China has suspended barley imports from Australia’s largest grain exporter CBH Grain, as trade tensions between the two nations continue to escalate. China’s General Administration of Customs said barley shipments would be halted after pests were found on multiple occasions, the administration said on its official WeChat account. CBH, which is owned and operated by about 3900 Western Australian grain growers, rejected the claims and said it was disappointed by the decision. “We will work with the Australian Government to challenge the suspension,” it said in a statement. It comes as concerns mount over the detention of Cheng Lei, an Australian journalist working in China, for unknown reasons. University of Technology Sydney academic and China studies professor Feng Chongyi warned the ABC that Cheng may be subjected to torture by sleep deprivation.

The AFL is today expected to announce that Queensland will host this year’s grand final, the first time the marquee game will be held outside Victoria, due to the Covid-19 crisis. South Australia was reportedly the runner-up in the bid to host the game. AFL senior executives flew to Queensland on a charter flight on Tuesday ahead of the announcement. The Gabba is set to be the venue selected, with a capped crowd of about 30,000 slated to attend a twilight or evening match on October 24.

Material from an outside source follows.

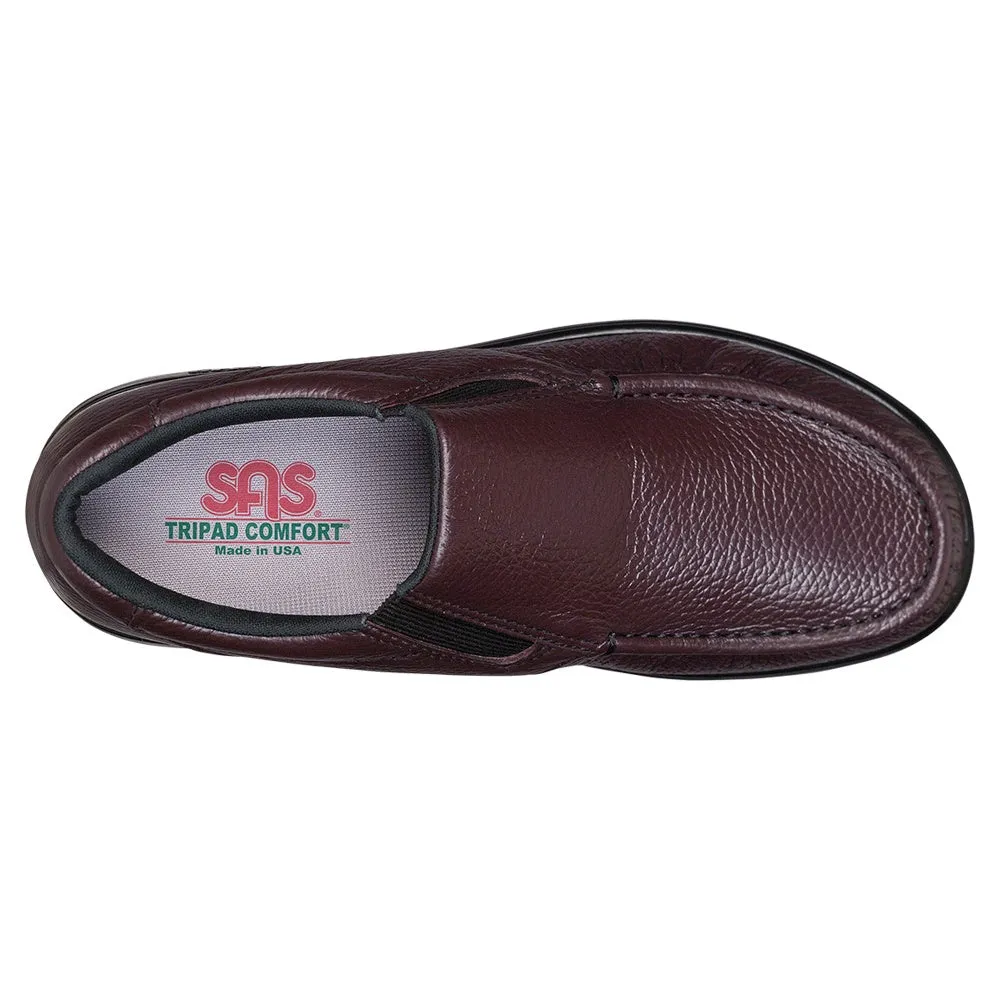 Sporty Look Side Gore - Cordovan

“A key aim of the group was to impose its version of ‘Christian’ morality. They were – or are – anti-abortion, anti-same-sex marriage, anti-Safe Schools. They are by any definition extreme social conservatives. Back in 2016 one of their number, Stephanie Ross, now Bastiaan’s wife, gave an interview in which she voiced her opposition to abortion even in the case of rape. At the time she was seeking preselection in the Victorian state seat of Narracan.”


“Leong says that people’s ability to freely participate in our democracy is more important than sport, or people being able to go to a Westfield shopping centre. ‘You want to see more democracy, not less, in the middle of this crisis,’ she adds. ‘There are so many people in positions of power in our parliaments that would prefer to not have the doors open, and would prefer not to have the scrutiny, and that’s dangerous to our democracy.’”


“With Summer, the conclusion to the seasonal quartet of novels that began with Autumn in 2017, the Scottish author Ali Smith has completed her extraordinary goal of writing four novels in four years. Smith wrote each of the novels in the four months leading up to its publication date, with those publication dates aligning with the titular seasons. As an exercise in constrained writing, it’s an impressive feat. However, for Smith the challenge was always about more than discipline or technique.”


“Facebook has announced it will ban publishers and people in Australia from sharing local and international news on Facebook and Instagram if a proposal to force tech giants to pay for news becomes law ... If Facebook follows through with this threat, it will potentially lead to very uncompelling content on both Facebook and Instagram. Can you imagine Instagram or Facebook without the ABC or Australian news sources?”


“In this case, it was leaving up the ‘Kenosha Guard’ vigilante page which 17-year-old Kyle Rittenhouse was part of, despite over 450 user reports. Rittenhouse is charged with two counts of homicide and one of attempted homicide after opening fire with an illegally-owned gun into a crowd of protesters. Leaving the page up was an ‘operational mistake’ according to Mark Zuckerberg …  the moderation team in charge of the Kenosha Guard hadn’t acted on user reports because moderators didn’t fully understand the workings of ‘certain militias.’”


“Since early this year, Tampa’s famed cats Cole and Marmalade had been absent from social media where they’d amassed a million-plus followers, leading to appearances on Ellen and the cover of Modern Cat magazine. A lawsuit between Cole and Marmalade’s owners and their now-former partners in Digital Pet Media, which managed the Cole and Marmalade business, prevented Chris Poole and his wife, Jessica Josephs, from posting photos of their own cats. It ended with a confidential settlement in August.”

Max Opray is Schwartz Media’s morning editor and a freelance writer.